RAW DATA
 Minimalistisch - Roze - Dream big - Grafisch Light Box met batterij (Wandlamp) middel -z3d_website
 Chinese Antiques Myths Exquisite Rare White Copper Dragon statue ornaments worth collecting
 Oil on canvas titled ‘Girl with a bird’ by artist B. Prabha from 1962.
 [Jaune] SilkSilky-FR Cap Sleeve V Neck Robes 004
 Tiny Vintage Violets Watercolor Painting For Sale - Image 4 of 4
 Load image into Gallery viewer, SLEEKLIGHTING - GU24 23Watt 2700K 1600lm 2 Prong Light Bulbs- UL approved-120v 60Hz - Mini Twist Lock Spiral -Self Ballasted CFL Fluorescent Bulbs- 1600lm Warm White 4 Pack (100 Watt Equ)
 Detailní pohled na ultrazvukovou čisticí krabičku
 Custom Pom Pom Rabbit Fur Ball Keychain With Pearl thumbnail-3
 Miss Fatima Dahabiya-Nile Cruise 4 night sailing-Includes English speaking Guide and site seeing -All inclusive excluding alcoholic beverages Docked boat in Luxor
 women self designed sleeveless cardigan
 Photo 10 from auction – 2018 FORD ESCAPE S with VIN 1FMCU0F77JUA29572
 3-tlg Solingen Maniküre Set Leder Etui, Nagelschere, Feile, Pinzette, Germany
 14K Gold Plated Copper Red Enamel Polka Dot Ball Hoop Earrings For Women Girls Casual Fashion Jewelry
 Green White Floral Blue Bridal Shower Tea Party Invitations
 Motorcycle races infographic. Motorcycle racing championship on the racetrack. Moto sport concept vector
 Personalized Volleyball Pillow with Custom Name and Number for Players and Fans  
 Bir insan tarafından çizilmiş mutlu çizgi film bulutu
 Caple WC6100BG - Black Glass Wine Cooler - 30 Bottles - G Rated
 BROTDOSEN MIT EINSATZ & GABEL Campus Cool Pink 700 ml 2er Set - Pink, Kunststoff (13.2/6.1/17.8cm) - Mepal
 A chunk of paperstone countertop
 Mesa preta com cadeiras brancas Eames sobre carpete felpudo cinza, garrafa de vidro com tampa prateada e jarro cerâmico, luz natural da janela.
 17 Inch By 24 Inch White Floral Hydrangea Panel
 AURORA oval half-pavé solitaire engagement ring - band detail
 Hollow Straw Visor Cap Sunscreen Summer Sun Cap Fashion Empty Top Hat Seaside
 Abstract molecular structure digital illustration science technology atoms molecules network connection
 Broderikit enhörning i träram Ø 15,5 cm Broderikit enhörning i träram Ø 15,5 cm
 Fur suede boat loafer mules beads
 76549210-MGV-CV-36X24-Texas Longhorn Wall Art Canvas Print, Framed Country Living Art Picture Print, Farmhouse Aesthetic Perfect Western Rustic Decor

PROBLEM
Write the records out once more, word for word.

ANSWER TO THE PROBLEM
 Minimalistisch - Roze - Dream big - Grafisch Light Box met batterij (Wandlamp) middel -z3d_website
 Chinese Antiques Myths Exquisite Rare White Copper Dragon statue ornaments worth collecting
 Oil on canvas titled ‘Girl with a bird’ by artist B. Prabha from 1962.
 [Jaune] SilkSilky-FR Cap Sleeve V Neck Robes 004
 Tiny Vintage Violets Watercolor Painting For Sale - Image 4 of 4
 Load image into Gallery viewer, SLEEKLIGHTING - GU24 23Watt 2700K 1600lm 2 Prong Light Bulbs- UL approved-120v 60Hz - Mini Twist Lock Spiral -Self Ballasted CFL Fluorescent Bulbs- 1600lm Warm White 4 Pack (100 Watt Equ)
 Detailní pohled na ultrazvukovou čisticí krabičku
 Custom Pom Pom Rabbit Fur Ball Keychain With Pearl thumbnail-3
 Miss Fatima Dahabiya-Nile Cruise 4 night sailing-Includes English speaking Guide and site seeing -All inclusive excluding alcoholic beverages Docked boat in Luxor
 women self designed sleeveless cardigan
 Photo 10 from auction – 2018 FORD ESCAPE S with VIN 1FMCU0F77JUA29572
 3-tlg Solingen Maniküre Set Leder Etui, Nagelschere, Feile, Pinzette, Germany
 14K Gold Plated Copper Red Enamel Polka Dot Ball Hoop Earrings For Women Girls Casual Fashion Jewelry
 Green White Floral Blue Bridal Shower Tea Party Invitations
 Motorcycle races infographic. Motorcycle racing championship on the racetrack. Moto sport concept vector
 Personalized Volleyball Pillow with Custom Name and Number for Players and Fans  
 Bir insan tarafından çizilmiş mutlu çizgi film bulutu
 Caple WC6100BG - Black Glass Wine Cooler - 30 Bottles - G Rated
 BROTDOSEN MIT EINSATZ & GABEL Campus Cool Pink 700 ml 2er Set - Pink, Kunststoff (13.2/6.1/17.8cm) - Mepal
 A chunk of paperstone countertop
 Mesa preta com cadeiras brancas Eames sobre carpete felpudo cinza, garrafa de vidro com tampa prateada e jarro cerâmico, luz natural da janela.
 17 Inch By 24 Inch White Floral Hydrangea Panel
 AURORA oval half-pavé solitaire engagement ring - band detail
 Hollow Straw Visor Cap Sunscreen Summer Sun Cap Fashion Empty Top Hat Seaside
 Abstract molecular structure digital illustration science technology atoms molecules network connection
 Broderikit enhörning i träram Ø 15,5 cm Broderikit enhörning i träram Ø 15,5 cm
 Fur suede boat loafer mules beads
 76549210-MGV-CV-36X24-Texas Longhorn Wall Art Canvas Print, Framed Country Living Art Picture Print, Farmhouse Aesthetic Perfect Western Rustic Decor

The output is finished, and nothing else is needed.